High Valuations Also Imply Low Future Returns

Stocks are expected to produce an average excess return only when they are priced near average valuations. But many stock markets are currently quite expensive. U.S. stocks, which represent over half of total global stock market capitalization, are trading near record valuations according to some measures. For example, the S&P 500 U.S. stock market index is trading near its 2000 bubble peak as a multiple of total revenues (Figure 1). Should stocks retrace to average valuations by this measure in an acute correction, investors would endure a 48% decline. If they were to mean-revert over a longer horizon, they would face a material headwind on long-term returns.

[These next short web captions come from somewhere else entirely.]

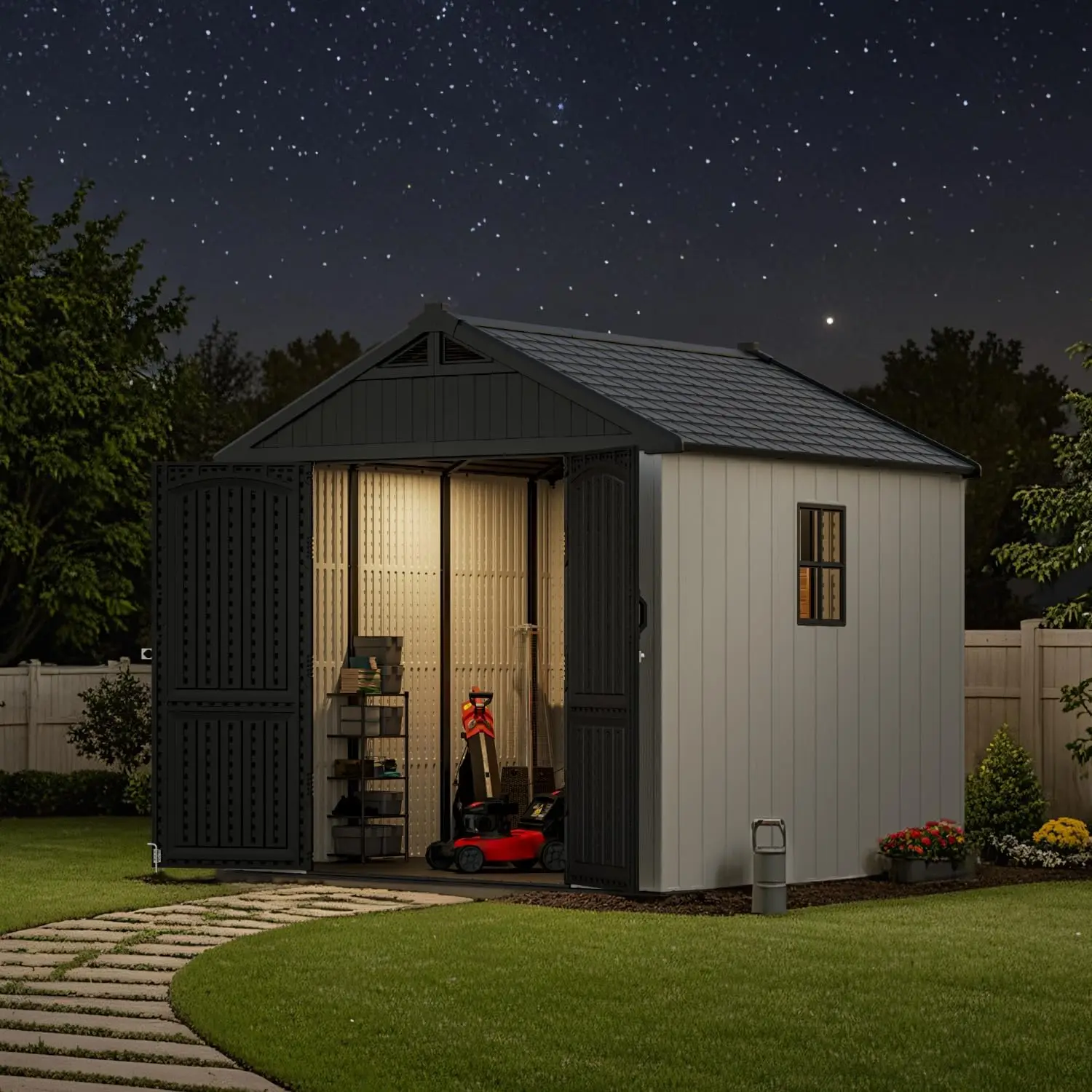 سقيفة تخزين خارجية من الراتنج مقاس 8 × 8 أقدام مع أرضية، سقيفة كبيرة مع باب خفيف وقابل للقفل للحديقة والفناء الخلفي واستخدام تخزين الأدوات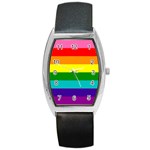 Original 8 Stripes LGBT Pride Rainbow Flag Barrel Style Metal Watch Front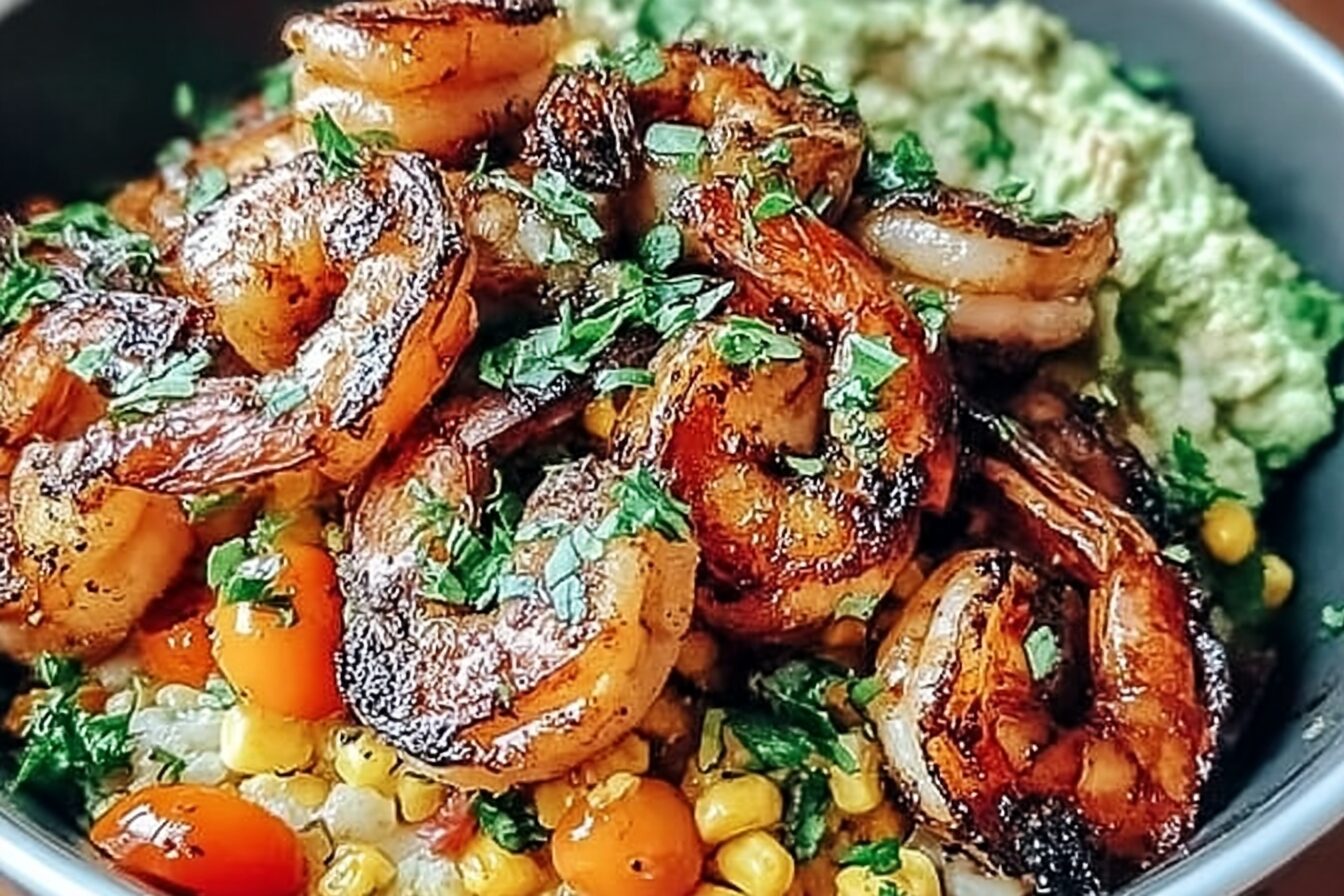 Grilled Shrimp Bowl With Avocado, Corn Salsa, And Garlic Sauce 6 Grilled Shrimp Bowl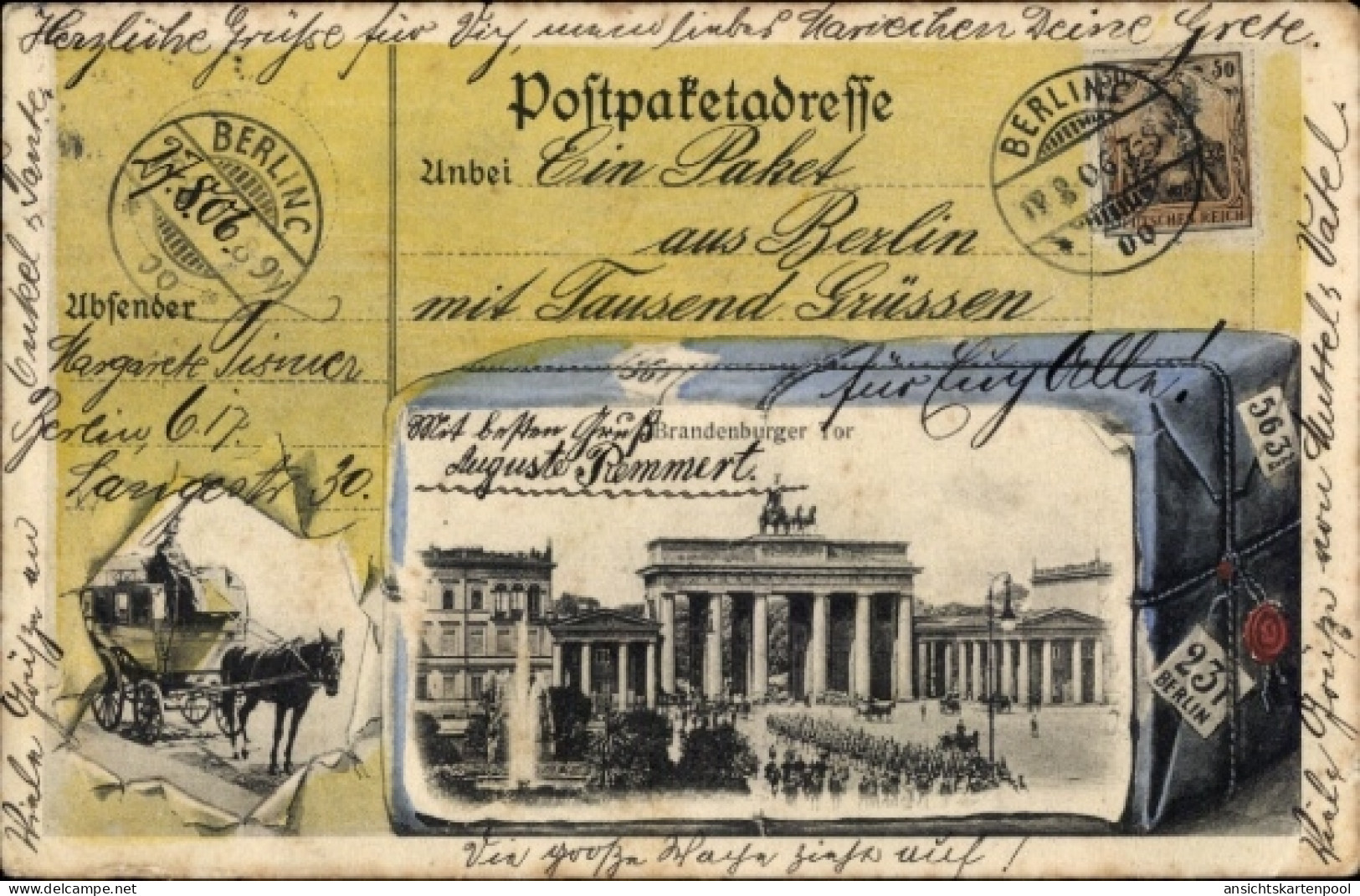 Paket CPA Berlin Mitte, Brandenburger Tor, Postkutsche - Other & Unclassified
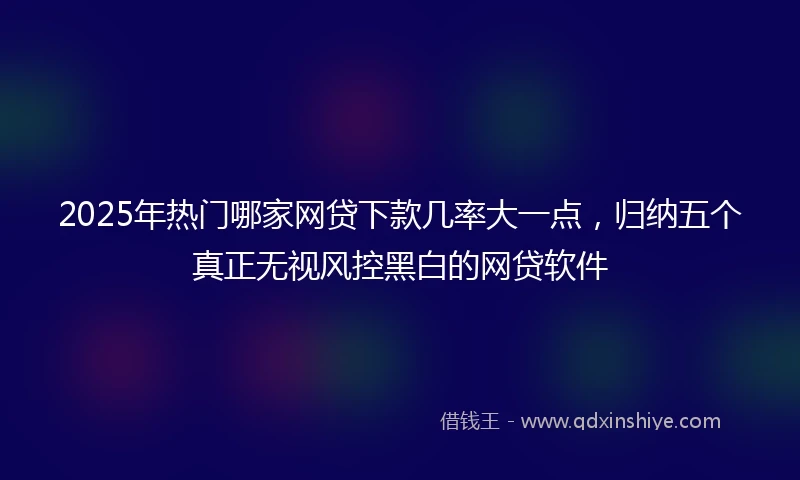 2025年热门哪家网贷下款几率大一点，归纳五个真正无视风控黑白的网贷软件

Figure 1. S&P 500 Index and Price-to-Sales Ratio, 1955-2016

Source: Ned Davis Research

Another popular measure of stock market valuation is the cyclically adjusted price-to-earnings (CAPE) ratio, proposed by Dr. Robert Shiller. This measure accounts for the volatility of earnings through a full business cycle by taking the average of aggregate earnings over the past decade, adjusted for inflation.

By this metric, U.S. stocks are also expensive relative to history, sitting at a ratio of 28.5, about 70% above their long-term average value of 16.7.  Some argue that the equilibrium CAPE should rise through time for structural reasons, such as declining economic volatility, and improved stock market transparency and liquidity. This would make the long-term average less relevant. To account for this, we found the line of best fit describing the steady growth in CAPE over time. Even accounting for trend growth in multiples, stock valuations are still 35% above their neutral value (Figure 2).

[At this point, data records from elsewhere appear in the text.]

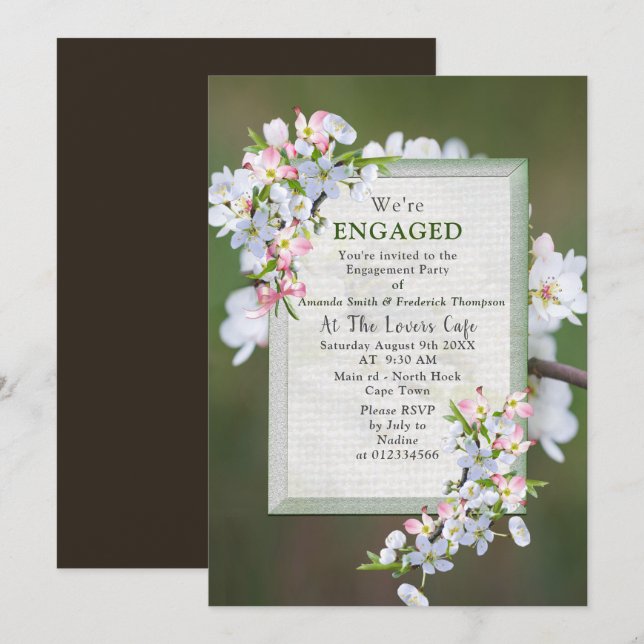 Cherry Blossoms Spring Party Invitation (Front/Back)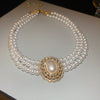 Wholesale Jewelry Imitation Pearls Multilayer Diamond Stud Earrings And Necklace Set Geometric Highend Style Clavicle Chain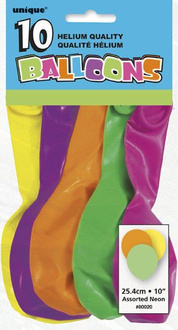 Balony lateksowe, mix kolorów - neon 10szt./op.
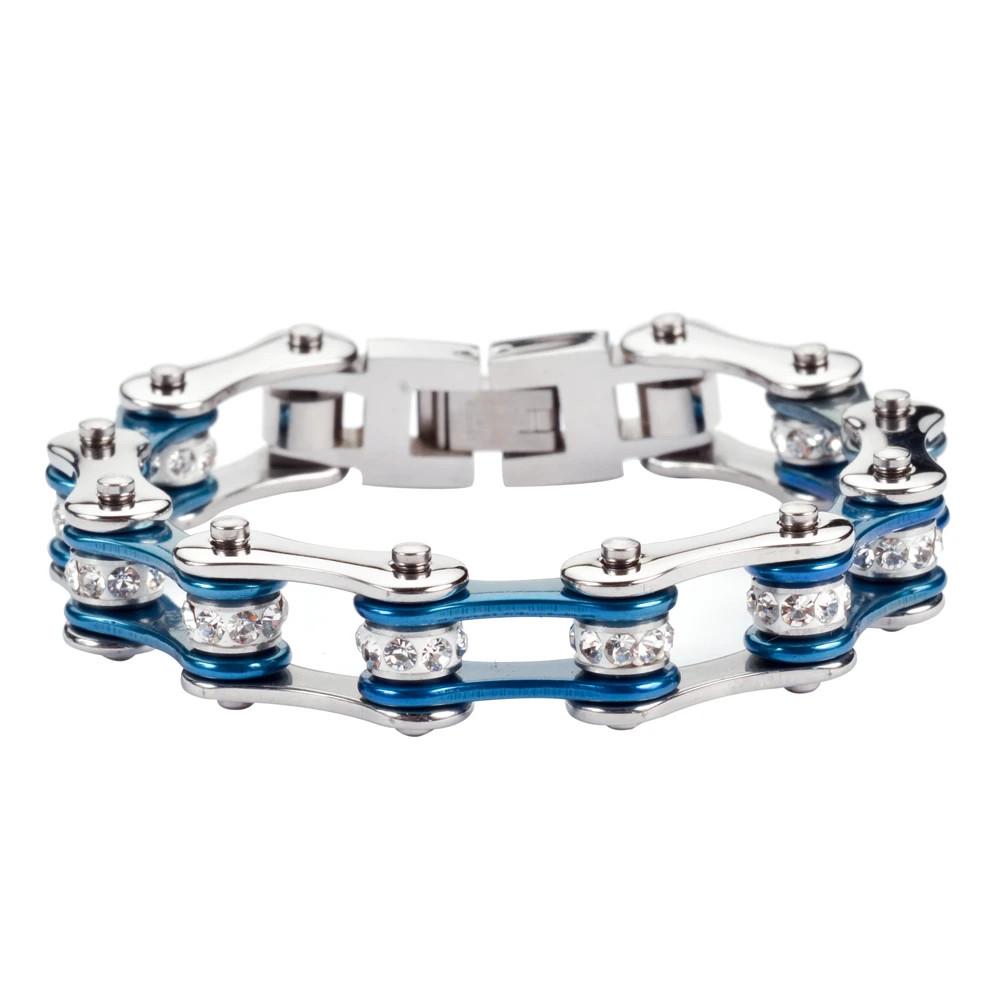 Ladies 10mm Stainless Steel Motorcycle Bike Chain Bracelet Electric Blue 83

Figure 2. S&P 500 Cyclically Adjusted Earnings Ratio, 1881 – 2016

Source: ReSolve Asset Management. Data from Robert Shiller

While it has paid to be optimistic about stocks over the past century, it is also prudent to be realistic about the probabilities. It is highly likely that investors will earn about 2% on high-grade fixed income, and probably much less than 6% per year on stocks over the next decade or more. In the optimistic case that equities revert to average trend valuations over the next fifteen years, this would represent a 35%/15 = 2.3% per year drag on equity returns. As a result, equity return expectations would drop from 5.5% per year to 3.2%. You can see how, after adjusting for inflation and fees, investors will be hard pressed to earn more than 2% per year on traditional portfolios.

Hopefully we can agree that 2% returns – returns implied by current valuations – are a problem. In the next article, we will propose one incremental solution to this problem, by embracing a strategy of extreme diversification. In part 3, we will explore alternative sources of return that behave very differently than traditional assets, but which may offer attractive performance prospects to help investors meet their financial goals.

 


[1] Current yields forecast future bond total returns most accurately at a forecast horizon equal to twice the portfolio duration. See Leibowitz, Martin, and Anthony Bova (December 18, 2012), “Duration Targeting: A New Look at Bond Portfolios (Morgan Stanley Research).” At www.q-group.org/inc/uploads/2014/01/2013sp-Leibowitz-Bova-Duration-Targeting-121812.pdf.